Showing posts with label Robert Smith. Show all posts
Showing posts with label Robert Smith. Show all posts

Sunday, 26 October 2014

Voracious Reader: Canadian Motorcycle Magazines

With riding coming to an end in the Great White North I'm looking more closely at motorcycle media to sustain me through the long, dark cold.  Some magazines have already made the cut and are a sure thing when it comes to subscribing.  

The first one I found was Cycle Canada: a local, opinionated and well written magazine that has no interest in editorial-beige.  They tend toward the no-holds barred British writing approach.  I subscribe to both BIKE and Performance Bike for that approach (though PB has enough grammar problems that I sometimes find it difficult to take seriously).

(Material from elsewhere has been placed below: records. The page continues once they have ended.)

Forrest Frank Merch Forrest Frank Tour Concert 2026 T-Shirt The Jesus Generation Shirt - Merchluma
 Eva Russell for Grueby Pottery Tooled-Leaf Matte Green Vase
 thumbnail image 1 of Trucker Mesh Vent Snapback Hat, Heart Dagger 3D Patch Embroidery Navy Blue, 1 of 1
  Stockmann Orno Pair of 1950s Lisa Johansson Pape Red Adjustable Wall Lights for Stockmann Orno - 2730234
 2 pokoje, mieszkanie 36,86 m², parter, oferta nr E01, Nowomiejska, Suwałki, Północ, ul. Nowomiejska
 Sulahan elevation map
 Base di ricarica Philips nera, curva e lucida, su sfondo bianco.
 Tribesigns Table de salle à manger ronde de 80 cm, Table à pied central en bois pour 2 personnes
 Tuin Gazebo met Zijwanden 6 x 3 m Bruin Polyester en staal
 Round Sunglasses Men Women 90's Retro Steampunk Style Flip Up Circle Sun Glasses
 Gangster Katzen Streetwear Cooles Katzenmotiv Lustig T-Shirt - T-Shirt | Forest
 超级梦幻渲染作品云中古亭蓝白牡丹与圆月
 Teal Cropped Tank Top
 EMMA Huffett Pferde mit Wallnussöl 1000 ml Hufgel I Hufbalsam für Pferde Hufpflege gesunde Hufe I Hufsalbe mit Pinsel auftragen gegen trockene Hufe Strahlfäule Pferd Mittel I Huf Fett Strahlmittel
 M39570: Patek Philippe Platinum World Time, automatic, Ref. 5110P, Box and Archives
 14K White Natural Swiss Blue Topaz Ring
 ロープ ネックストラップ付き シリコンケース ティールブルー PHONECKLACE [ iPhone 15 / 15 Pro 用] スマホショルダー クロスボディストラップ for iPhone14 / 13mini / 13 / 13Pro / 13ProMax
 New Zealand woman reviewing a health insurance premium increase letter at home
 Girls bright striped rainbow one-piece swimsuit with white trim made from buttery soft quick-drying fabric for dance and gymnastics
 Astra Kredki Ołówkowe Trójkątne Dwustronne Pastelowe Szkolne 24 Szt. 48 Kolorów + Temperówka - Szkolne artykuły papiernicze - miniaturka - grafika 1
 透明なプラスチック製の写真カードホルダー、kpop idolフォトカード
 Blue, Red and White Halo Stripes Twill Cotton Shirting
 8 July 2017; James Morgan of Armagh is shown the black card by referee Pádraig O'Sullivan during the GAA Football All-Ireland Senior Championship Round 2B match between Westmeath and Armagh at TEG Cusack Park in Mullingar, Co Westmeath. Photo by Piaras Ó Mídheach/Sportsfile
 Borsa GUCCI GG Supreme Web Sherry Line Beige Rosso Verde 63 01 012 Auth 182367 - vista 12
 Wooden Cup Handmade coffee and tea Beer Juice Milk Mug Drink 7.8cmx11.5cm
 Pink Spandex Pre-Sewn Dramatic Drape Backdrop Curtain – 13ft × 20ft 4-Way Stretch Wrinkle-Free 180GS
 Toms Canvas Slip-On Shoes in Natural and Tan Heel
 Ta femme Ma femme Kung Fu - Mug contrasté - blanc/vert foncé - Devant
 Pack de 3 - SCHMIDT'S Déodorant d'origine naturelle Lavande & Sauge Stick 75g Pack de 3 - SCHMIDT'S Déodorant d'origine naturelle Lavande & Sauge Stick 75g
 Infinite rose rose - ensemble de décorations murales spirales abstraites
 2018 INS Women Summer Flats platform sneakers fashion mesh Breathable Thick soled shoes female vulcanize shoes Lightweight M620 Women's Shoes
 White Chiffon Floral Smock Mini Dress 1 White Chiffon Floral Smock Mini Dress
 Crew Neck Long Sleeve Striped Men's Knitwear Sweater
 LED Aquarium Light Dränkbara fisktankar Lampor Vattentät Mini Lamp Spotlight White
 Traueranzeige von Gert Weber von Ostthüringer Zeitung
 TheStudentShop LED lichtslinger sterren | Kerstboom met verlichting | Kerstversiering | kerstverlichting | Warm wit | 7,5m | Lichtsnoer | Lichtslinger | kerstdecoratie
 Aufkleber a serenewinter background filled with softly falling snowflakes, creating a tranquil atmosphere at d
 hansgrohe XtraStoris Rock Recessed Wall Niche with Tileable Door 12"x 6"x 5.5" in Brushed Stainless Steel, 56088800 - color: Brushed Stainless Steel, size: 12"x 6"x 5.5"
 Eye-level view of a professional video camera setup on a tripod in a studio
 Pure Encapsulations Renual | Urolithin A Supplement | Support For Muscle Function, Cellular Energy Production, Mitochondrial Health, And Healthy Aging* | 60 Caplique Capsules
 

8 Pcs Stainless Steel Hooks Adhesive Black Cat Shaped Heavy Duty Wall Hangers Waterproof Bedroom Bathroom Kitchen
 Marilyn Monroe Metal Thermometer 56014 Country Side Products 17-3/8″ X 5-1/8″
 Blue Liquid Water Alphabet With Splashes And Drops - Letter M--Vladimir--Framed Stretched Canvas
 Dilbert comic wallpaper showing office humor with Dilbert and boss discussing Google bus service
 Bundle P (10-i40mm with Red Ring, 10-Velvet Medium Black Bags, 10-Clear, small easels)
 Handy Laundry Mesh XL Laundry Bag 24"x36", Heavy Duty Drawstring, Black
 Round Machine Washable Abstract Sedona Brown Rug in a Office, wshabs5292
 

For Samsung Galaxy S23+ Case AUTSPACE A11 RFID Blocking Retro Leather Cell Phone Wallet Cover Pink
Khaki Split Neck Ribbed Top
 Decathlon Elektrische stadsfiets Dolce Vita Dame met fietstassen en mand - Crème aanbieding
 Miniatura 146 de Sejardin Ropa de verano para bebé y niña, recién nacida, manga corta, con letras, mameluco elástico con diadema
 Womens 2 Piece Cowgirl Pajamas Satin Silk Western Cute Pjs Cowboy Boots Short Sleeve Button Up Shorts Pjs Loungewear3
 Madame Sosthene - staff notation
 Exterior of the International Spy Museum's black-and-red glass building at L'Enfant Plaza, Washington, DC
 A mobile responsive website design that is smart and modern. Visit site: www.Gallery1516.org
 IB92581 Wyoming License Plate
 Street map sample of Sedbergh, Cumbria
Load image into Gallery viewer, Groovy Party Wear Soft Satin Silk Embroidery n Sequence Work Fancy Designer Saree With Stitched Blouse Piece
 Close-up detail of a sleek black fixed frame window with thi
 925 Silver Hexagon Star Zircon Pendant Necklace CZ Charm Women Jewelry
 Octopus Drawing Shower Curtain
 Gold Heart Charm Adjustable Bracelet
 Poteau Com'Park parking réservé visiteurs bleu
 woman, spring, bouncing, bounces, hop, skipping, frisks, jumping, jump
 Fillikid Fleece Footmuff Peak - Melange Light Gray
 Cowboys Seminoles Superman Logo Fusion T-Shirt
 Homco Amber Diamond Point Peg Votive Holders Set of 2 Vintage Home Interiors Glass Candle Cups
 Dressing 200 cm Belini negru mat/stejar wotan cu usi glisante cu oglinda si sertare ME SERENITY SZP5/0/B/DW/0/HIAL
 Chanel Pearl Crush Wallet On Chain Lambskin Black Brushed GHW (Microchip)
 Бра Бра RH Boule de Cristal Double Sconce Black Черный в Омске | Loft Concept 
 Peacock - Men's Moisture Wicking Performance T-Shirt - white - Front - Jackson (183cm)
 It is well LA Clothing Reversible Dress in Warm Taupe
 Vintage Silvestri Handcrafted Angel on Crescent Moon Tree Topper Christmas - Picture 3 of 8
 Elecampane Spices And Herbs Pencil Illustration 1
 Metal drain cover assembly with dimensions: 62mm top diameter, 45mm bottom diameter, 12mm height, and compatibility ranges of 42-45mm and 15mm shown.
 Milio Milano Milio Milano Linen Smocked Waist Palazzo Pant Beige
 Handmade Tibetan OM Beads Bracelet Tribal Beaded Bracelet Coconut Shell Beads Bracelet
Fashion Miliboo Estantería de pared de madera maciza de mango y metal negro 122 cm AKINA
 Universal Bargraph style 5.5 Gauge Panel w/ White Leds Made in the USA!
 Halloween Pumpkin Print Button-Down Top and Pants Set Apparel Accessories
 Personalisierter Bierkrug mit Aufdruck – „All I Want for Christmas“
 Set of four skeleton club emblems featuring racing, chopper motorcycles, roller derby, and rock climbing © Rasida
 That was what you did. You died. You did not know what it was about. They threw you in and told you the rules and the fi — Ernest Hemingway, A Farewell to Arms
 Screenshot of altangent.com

Cycle Canada is a joy to read, it's just hard to get a hold of.  I tried to renew my subscription in the summer and the publishing company couldn't get their website to work, which happens.  I tried again weeks later and it still wasn't working.  Being told to phone it in doesn't cut it in 2014 (I don't like giving credit card info over the phone).  You have to wonder what's going to happen to a media company that can't make basic internet functionality work in the 21st Century.

I ended up going through Roger's Magazine subscription service in July in an attempt to get my mits on CC, it's the end of October and I haven't seen a magazine yet.  Cycle Canada?  Great magazine, but pretty hard to get your hands on.



The other Canadian magazine I've got a lock on is Motorcyle Mojo.  I think of it as the Canadian version of Rider Magazine (the only US magazine I'm subscribed to).  Excellent layouts and photography (which feel like an afterthought in CC), original travel pieces and knowledgeable editorials.  The writing isn't as edgy as CC, but Motorcycle Mojo knows what it's talking about and presents it well.  They also know how to run a website and communicate really well with their subscribers.



Two on the cusp are Inside Motorcycles and Canadian Biker Magazine.  I got both as a present, but I'm not sure if I'll keep them going.  IM did an article this month on the Polaris Slingshot.  Apart from sounding like an advertisement, it also kept calling the three wheeler "unique".  One of the first cars I ever rode in in England in the early 1970s was my grandmother's three wheeler.  I suspect Morgan would dispute the gee-wiz uniqueness of the Slingshot as well.  You can't be expected to know everything, but if you're going to write on a vehicle, doing a little research would prevent you from calling the rehash of an idea that's been around since the birth of motor vehicles, "a whole new class of vehicle."  Lazy writing like that is what'll stop me renewing that subscription.



At the same time Canadian Biker Magazine had an editorial by Robert Smith that not only demonstrated a deep and nuanced understanding of the history of three wheelers, but also accurately and incisively deconstructed why this type of vehicle can never let you experience flying in two dimensions like a motorcycle does.  This kind of knowledgeable and opinionated writing is what would keep me re-upping that subscription.